The untreated outcome satisfies

\[ y_{it}(0) = \alpha_i + \lambda_t + \varepsilon_{it}, \]

with independent unit effects, time effects, and noise. The two scenarios differ only in the treatment effect path:

  • Mild heterogeneity: treatment effects differ modestly across cohorts and rise gradually with event time.
  • Severe heterogeneity: the early cohort receives substantially larger and more rapidly growing effects than the late cohort.
Code
fig, axes = plt.subplots(1, 2, figsize=(10, 4), sharey=True)
palette = {"Adopt in t=3": "#1b9e77", "Adopt in t=6": "#d95f02"}

for ax, severity in zip(axes, ["Mild", "Severe"]):
    subset = profile.loc[profile["severity"] == severity]
    for cohort, group in subset.groupby("cohort", sort=False):
        ax.plot(
            group["event_time"],
            group["tau"],
            marker="o",
            linewidth=2,
            color=palette[cohort],
            label=cohort,
        )
    ax.set_title(f"{severity} heterogeneity")
    ax.set_xlabel("Event time")
    ax.set_ylabel("Treatment effect")
    ax.legend(frameon=True)

fig.suptitle("Treatment effect paths by cohort", y=1.03, fontsize=14)
fig.tight_layout()
plt.show()

3 Results

The table below reports the average TWFE coefficient, its bias relative to the treated-cell ATT, the sampling variance of the estimator, and the resulting MSE.

Code
summary.round(3)
scenario true_att mean_beta bias variance bias_sq mse rmse
0 Mild 1.436 1.224 -0.213 0.008 0.045 0.053 0.231
1 Severe 2.727 1.656 -1.072 0.008 1.149 1.157 1.076
Code
fig, axes = plt.subplots(1, 2, figsize=(11, 4.5))
colors = {"Mild": "#4c78a8", "Severe": "#e45756"}

error_data = [
    results.loc[results["severity"] == "mild", "error"],
    results.loc[results["severity"] == "severe", "error"],
]

box = axes[0].boxplot(
    error_data,
    tick_labels=["Mild", "Severe"],
    patch_artist=True,
    widths=0.6,
)
for patch, label in zip(box["boxes"], ["Mild", "Severe"]):
    patch.set_facecolor(colors[label])
    patch.set_alpha(0.7)
axes[0].axhline(0.0, color="black", linestyle="--", linewidth=1)
axes[0].set_title("Estimation error across replications")
axes[0].set_ylabel(r"$\hat{\beta} - \mathrm{ATT}$")
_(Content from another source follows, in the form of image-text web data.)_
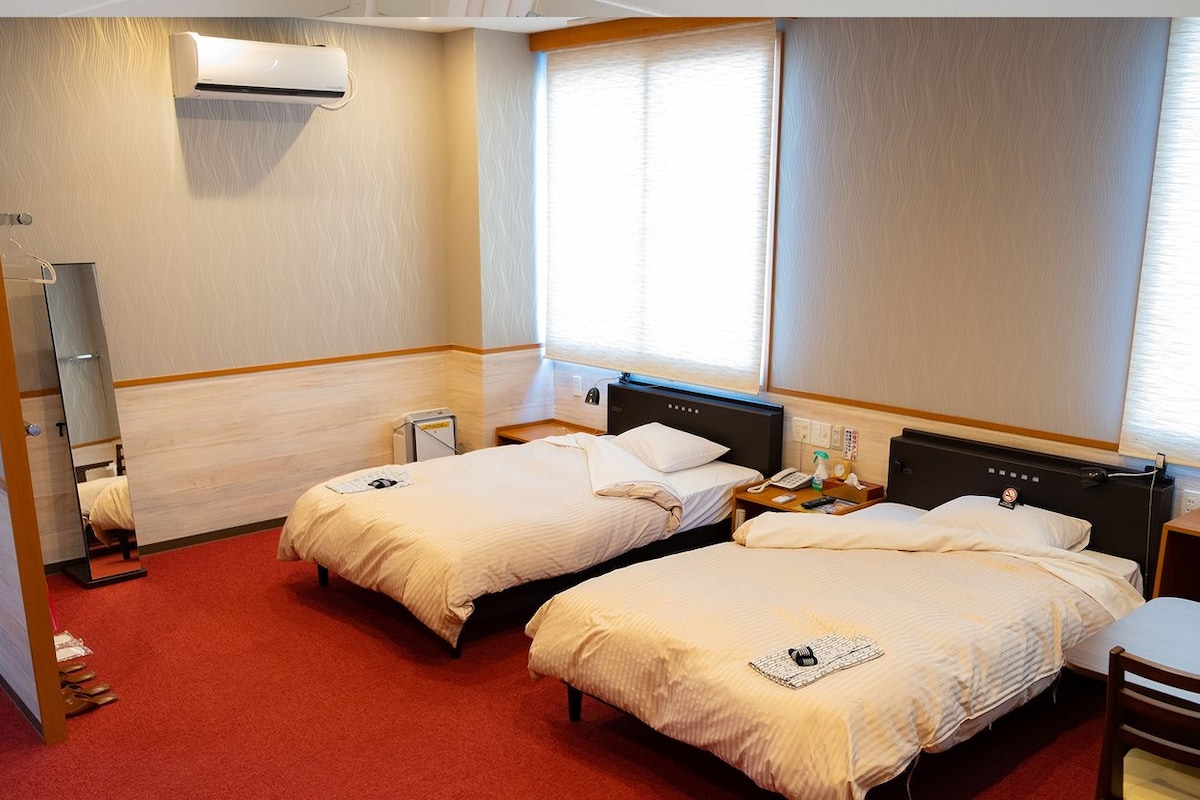 A hotel room with two beds, a desk, a chair, a mirror, and a window.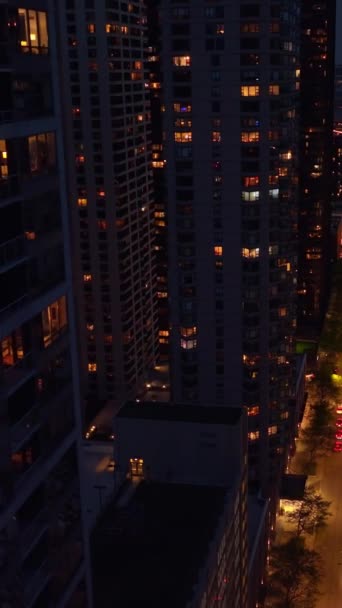 夜はシカゴのダウンタウンの明るい通り ドローン映像は 忙しい道路の上の素晴らしい超高層ビルの間に降下します バーティカルビデオ — ストック動画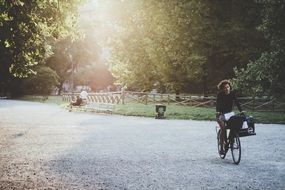 curly woman riding a bike through an empty park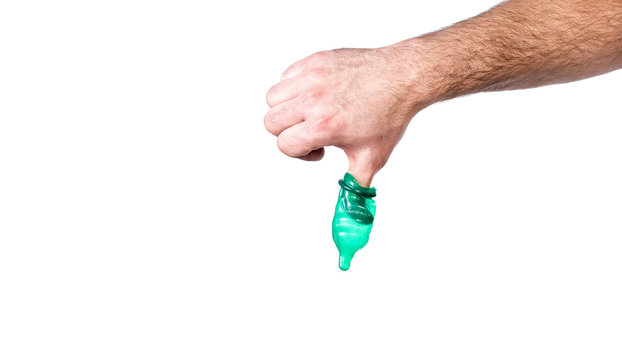 safe sex concept , holding condom in hand
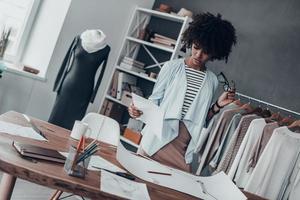 Searching for fashion muse. Serious young African woman holding eyeglasses and looking at paper while standing in her studio photo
x = np.arange(len(summary))
axes[1].bar(x, summary["bias_sq"], color="#f28e2b", label="Bias squared")
axes[1].bar(
    x,
    summary["variance"],
    bottom=summary["bias_sq"],
    color="#76b7b2",
    label="Variance",
)
axes[1].set_xticks(x, summary["scenario"])
axes[1].set_title("MSE decomposition")
axes[1].set_ylabel("Contribution to MSE")
axes[1].legend(frameon=True)

fig.tight_layout()
plt.show()

Under mild heterogeneity, the TWFE coefficient is still downward biased for the average treated-cell effect, but the distortion is limited. Under severe heterogeneity, the same regression misses the target by much more, and the MSE increase is driven mainly by bias rather than variance.

4 Takeaway

With two adoption cohorts, a simple fixed effects regression can have acceptable MSE when effect heterogeneity is mild, but its performance deteriorates quickly when cohort-specific and dynamic treatment effects diverge sharply. In this simulation, the main issue is not noise; it is that the TWFE estimand moves away from the average causal effect of interest as heterogeneity becomes stronger.